En fait, je me sens terriblement accablé, et la nuit quand je dors dans ma grande maison, cette pression me tue [rires]. C’est une vie dure, c’est une vie cruelle ! L’industrie de la musique rock : cruelle, cruelle, cruelle. Ne croyez pas ce qu’on vous dit.

Non, c’est une vie bénie. Et ce ne sont là que des choses qui m’intéressent et des choses dont j’ai envie de parler avec mon public.

Quand j’étais jeune, j’ai aimé les artistes qui essayaient, d’une manière ou d’une autre, de s’en prendre au monde - pour le meilleur ou pour le pire - et qui s’impliquaient également dans les évènements de leur époque, en tant qu'acteurs du spectacle. J’ai un large public : j’ai des Démocrates, j’ai beaucoup de Républicains, j’ai des gens qui viennent juste pour danser et s’amuser, et des gens qui s’intéressent aux aspects sociaux sur lesquels j’écris. Et j’apprécie cet ensemble, tout simplement.

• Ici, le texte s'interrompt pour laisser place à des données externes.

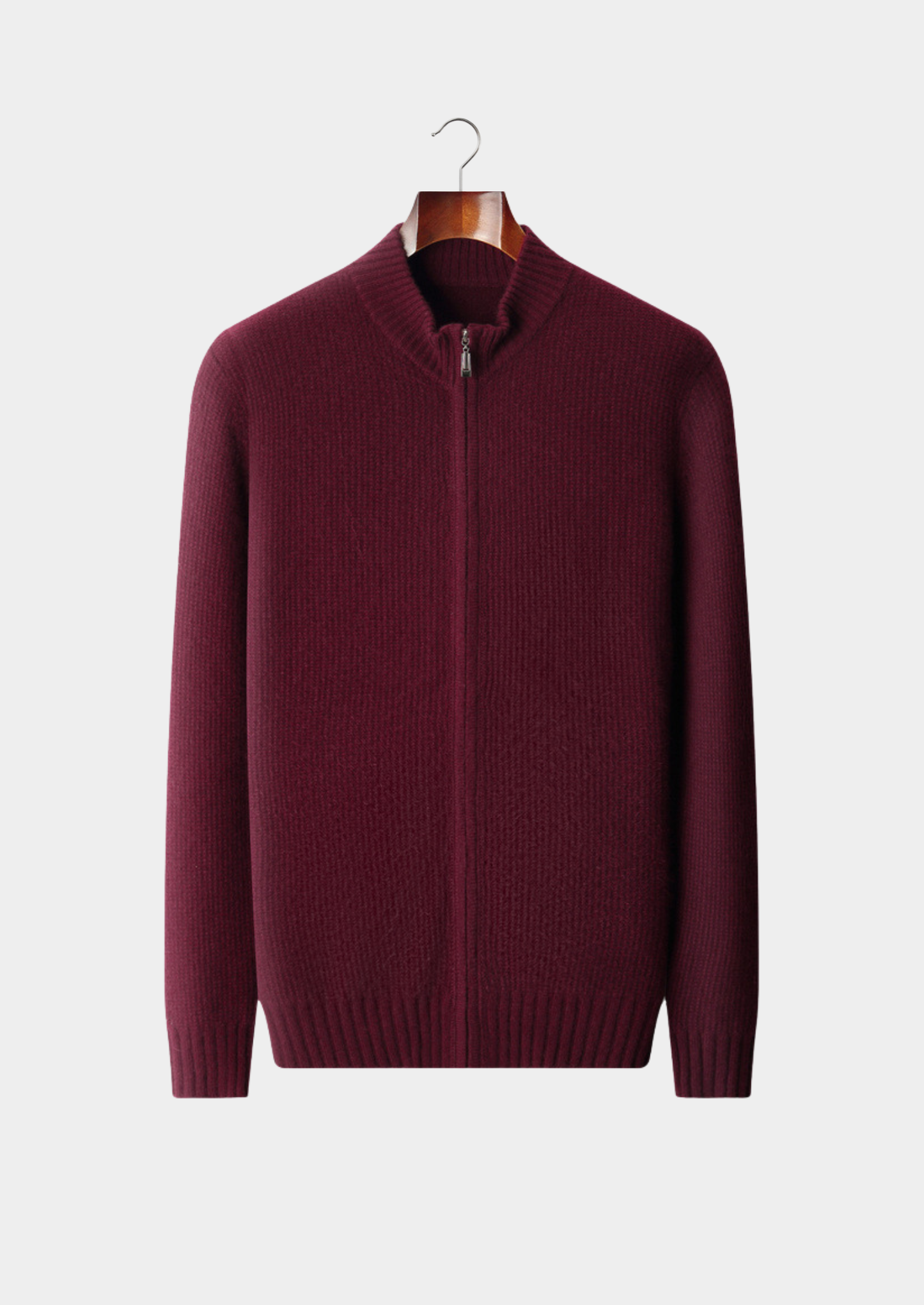 Pure Cashmere Burgundy Ribbed Zip Cardigan | Vallentty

J’apprécie donc cette conversation. Si j’ai quelque chose à dire ou si peux écrire une chanson à ce sujet, à un moment donné, je le fais. Et si ce n’est pas le cas, je ne le fais pas. J’écris pour intégrer mes propres expériences. J’ai toujours considéré que si je le fais pour moi, alors, je le fais pour vous. Au départ, vous écrivez pour vous-même, juste pour essayer de comprendre le monde dans lequel vous vivez. Et si vous le faites suffisamment bien, alors cette idée-là se transmet à votre public. Mais je ne suis pas dans un cabinet électoral où je dois arriver avec un nouveau projet chaque jour. Je ne le ressens pas comme un fardeau. Ça ne marche pas de cette façon. C’est plutôt une vie enchantée, je dirais, si vous êtes musicien. C’est la raison pour laquelle on appelle ça "jouer".

Sur ce disque, plus que jamais, nous trouvons des références spirituelles, des citations bibliques, ce type de choses. Est-ce parce que vous ressentez votre propre mortalité à présent ?

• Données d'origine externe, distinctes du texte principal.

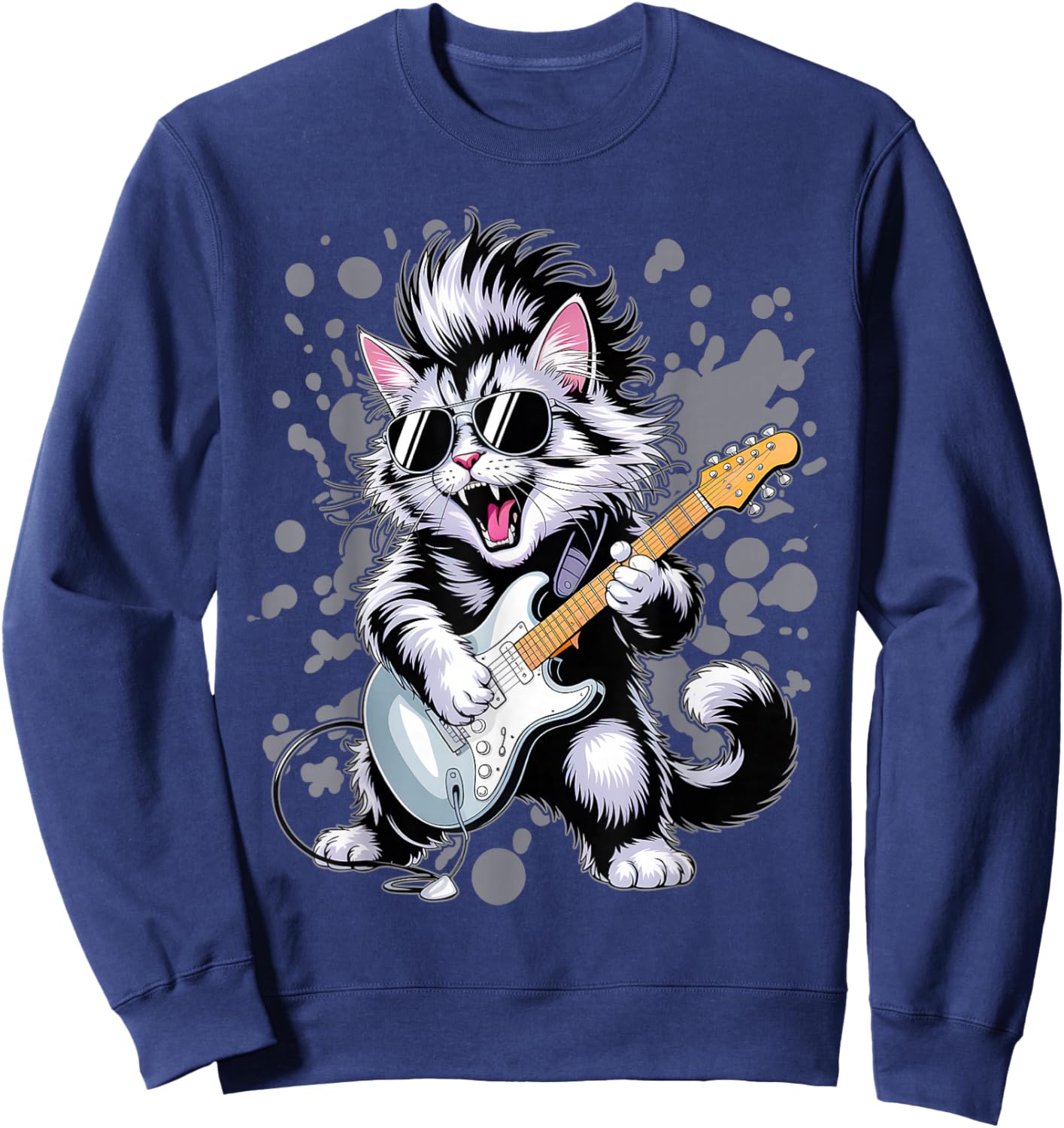 Rock Playing Animals Rocking Guitar Designs Cat Music Sweatshirt - Sweatshirt | Navy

Non, je pense qu'on m'a fait un lavage de cerveau avec le catholicisme, lorsque j’étais enfant. Une fois que vous êtes… c’est comme cette réplique d’Al Pacino, "Je n’arrête pas d’essayer d’en sortir, ils font tout pour m’y ramener !" Catholique un jour, Catholique toujours ! Vous êtes impliqué dans ces choses-là à un moment où vous êtes en plein apprentissage. J’ai suivi une éducation religieuse au cours des huit premières années de ma scolarité; j’habitais près d’une église, d’un couvent, d’un presbytère, et de l’école catholique. J’ai vu chaque mariage, chaque enterrement, chaque messe. Ma vie était pleine d’odeur d’encens et de prêtres et de bonnes sœurs qui allaient et venaient, alors cet environnement m’a donné un sens très fort de vie spirituelle, et a compliqué ma vie sexuelle, mais je vais bien [rires].